→ Required action: Pictures are to be dropped from the copy. Retype the listing exactly.

→ Supplied data:
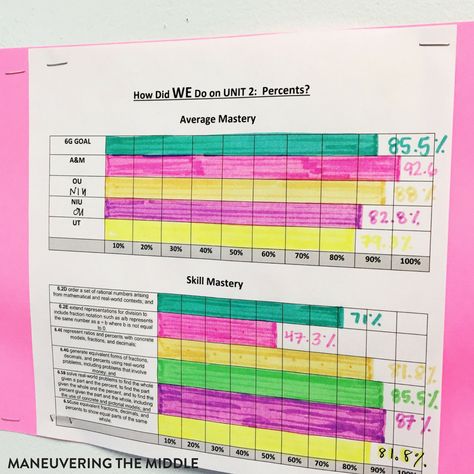 This year I have implemented student data tracking as one of my primary focuses to drive my instruction. I've learned that with the right system it can be implemented in class with little to no extra work or planning. | maneuveringthemiddle.com Math Data Wall Middle School, Classroom Goals Display Data Walls, Grade Level Data Wall, Data Bulletin Boards Middle School, Classroom Data Wall Middle School, Middle School Math Data Tracking, Class Data Bulletin Board, Middle School Data Wall, Data Walls Middle School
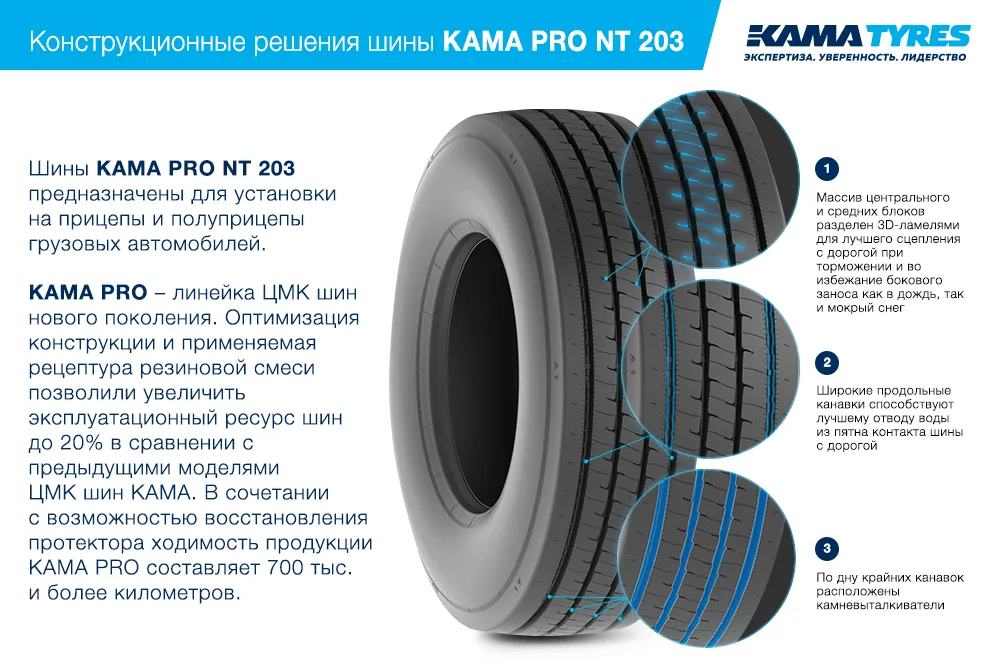ЦМК шины KAMA PRO NT 203  в Еманжелинске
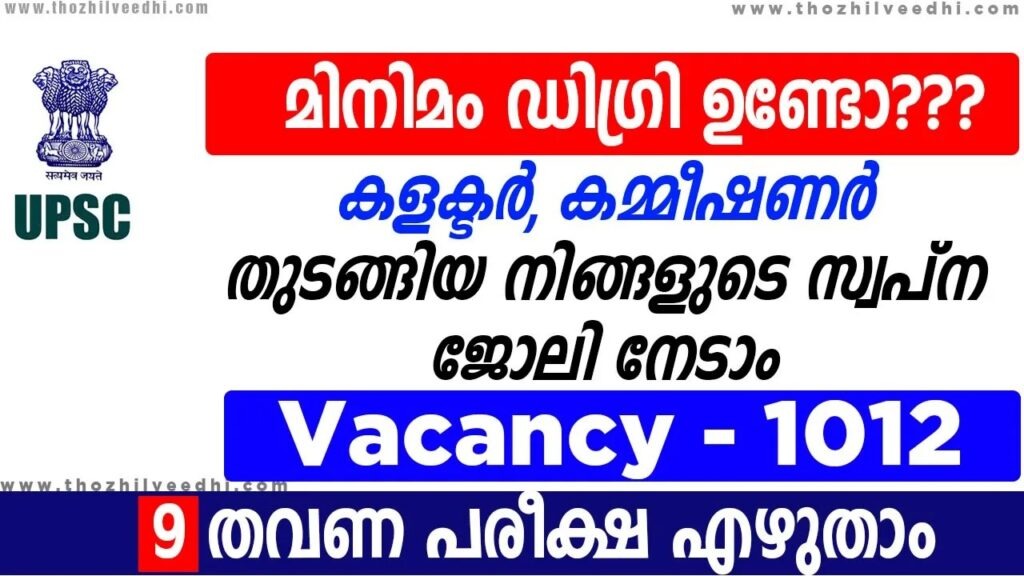 Supreme Court of India Recruitment 2025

→ Response to this exercise:
 This year I have implemented student data tracking as one of my primary focuses to drive my instruction. I've learned that with the right system it can be implemented in class with little to no extra work or planning. | maneuveringthemiddle.com Math Data Wall Middle School, Classroom Goals Display Data Walls, Grade Level Data Wall, Data Bulletin Boards Middle School, Classroom Data Wall Middle School, Middle School Math Data Tracking, Class Data Bulletin Board, Middle School Data Wall, Data Walls Middle School
ЦМК шины KAMA PRO NT 203  в Еманжелинске
 Supreme Court of India Recruitment 2025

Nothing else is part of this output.